• Articolo , 27 aprile 2010
  • Usa: il progetto Cape Wind tra dubbi e perplessità

  • Sarà a causa dei costi elevati o sarà colpa della normativa incompleta? Fatto sta che gli Stati Uniti non producono rotori offshore nonostante abbiano un importante potenziale da sfruttare. Ma il progetto Cape Wind sembra far gola a molti

(Rinnovabili.it) – Più di 800 turbine a largo delle coste danesi e britanniche e in altri sette paesi europei producono costantemente energia rinnovabile, sfruttando le brezze oceaniche e fornendo energia a centinaia di migliaia di abitazioni. Mentre anche la Cina sta implementando il proprio settore offshore solo gli Stati Uniti rimangono fuori dalla competizione con zero turbine eoliche offshore costruite entro i confini, probabilmente anche a causa di un quadro normativo non idoneo.
Ma l’amministrazione Obama si è fatta avanti annunciando le decisioni in merito ad un importante progetto da sviluppare sulle coste del Massachusetts ‘Cape Wind’.
“E’ imperativo, Cape Wind verrà costruito, abbiamo bisogno di questo slancio”, ha dichiarato Peter Giller, Amministratore Delegato di OffshoreMW, uno degli sviluppatori con l’ambizione di costruire ben due progetti da 700 MW sulle coste del New Jersey e del Massachussets.

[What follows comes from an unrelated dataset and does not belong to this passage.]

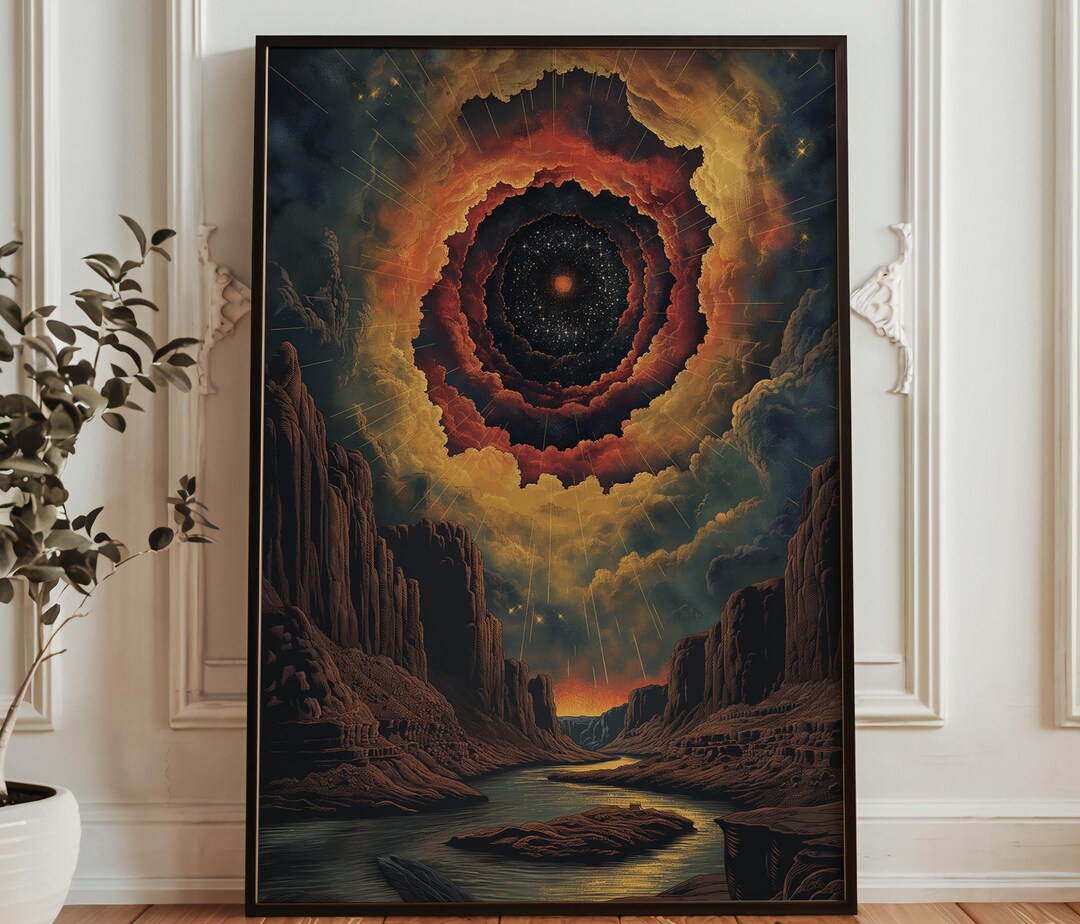 Cosmic Canyon Art Print - Surreal Space Sky Over Desert Landscape ...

Il National Renewable Energy Laboratory ha stimato che potrebbero essere ricavati dal vento circa 90 mila MW sfruttando le coste degli Stati Uniti dove i fondali non sono più profondi di un centinaio di metri nonostante i piani Usa in fase di approvazione potrebbero generare, secondo i calcoli delle EWEA, solo 2500 MW.
Il progetto Cape Wind con 130 turbine, ciascuna di 440 piedi di altezza, probabilmente verrebbe a costare più di un miliardo di dollari e la paura diffusa è quella che potrebbe andare ad interferire con l’attività dei pescatori locali, oltre che a danneggiare un cimitero indiano sommerso compromettendo il panorama e senza garantire il rientro economico sperato.
Oltre alle proteste dei locali e delle associazioni va ad aumentare l’incertezza sulla realizzazione del progetto anche la normativa statunitense, approssimativa in fatto di offshore, che ha reso il mercato dell’eolico in mare molto rischioso, con costi troppo elevati che rendono poco appetibili gli investimenti nel settore che oltre ai costi di costruzione si trova ad affrontare condizioni climatiche molte volte avverse vista la presenza di eventi atmosferici di straordinaria potenza: uragani seguiti da gelate invernali possono infatti danneggiare le apparecchiature rendendo la manutenzione ancora più difficoltosa e difficilmente gestibile, anche dal punto di vista economico.